Most artists paint with acrylic oil and watercolours, but pyatkar painters of Aamadubi village, East Singhbhum, use colours from nature on their palette.

Three tribal artists at Prakriti, a three-day art camp at Jamshedpur’s Tata Steel Zoological Park hosted by Dhalbhum forest department, are charming visitors with organic colours made from leaves, red soil and stones.

Prakriti, an eco art camp inaugurated by both Jamshedpur (East) MLA Raghubar Das and Jamshedpur (West) MLA Banna Gupta, aims to give grassroots artists a platform to interact with professional painters from across India.

Around 35 artists, including painters, dokra and clay artisans and sculptors are here to participate in the camp that started on Friday, including those from Bengal, Jharkhand, Orissa, Himachal Pradesh and Madhya Pradesh.

But the pyatkar artists Bijoy Chitrakar, Kajal Chitrakar and Rangalal Gayen are arguably garnering the maximum eyeballs.

The tribal practitioners of this ancient art form are a brave lot. Most of their peers have switched over to other professions. Those that are sticking on, find it difficult to make ends meet.

“We can’t survive just on painting, it is not enough to sustain a family. Most of the artists in our village have now taken on farming, joined MNREGS projects or got other work,” said Gayen from Aamadubi, who works as a labourer under the aegis of Pradhan Mantri Gram Sadak Yojana.

Pyatkar is not just a form of ancient tribal paintings, the artists also compose songs using their paintings as a theme.

The songs are based on mythology, folktales and satire.

Initially artists used wastepaper, often discarded papers from government offices. These were sewn or pasted together into a scroll. Various images unfolded like a poem.

Painters use natural colours. For instance, green is made from leaves, light yellow from palash flowers, red and yellow from stones available from the forests, and dull black from leaves mixed with carbon.

“Our forefathers didn’t have any other occupation, they only painted. We have inherited this art.

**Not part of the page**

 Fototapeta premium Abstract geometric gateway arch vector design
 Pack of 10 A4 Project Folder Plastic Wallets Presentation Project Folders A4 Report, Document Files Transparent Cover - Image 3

However, today it is not possible to eke out a living through only painting. Most of us have switched over to farming. But this art form has not received due recognition. Pyatkar artists earn a pittance, while eminent ones earn in lakhs,” said Bijoy Chitrakar, who has displayed his paintings in Ranchi and Hyderabad and has over 150 songs in his kitty.

He added that they made hardly Rs 5,000 a month. “My paintings are priced Rs 2,000 each, but people don’t shell out even that much,” he said.

Their only solace? “We find colour in everything.”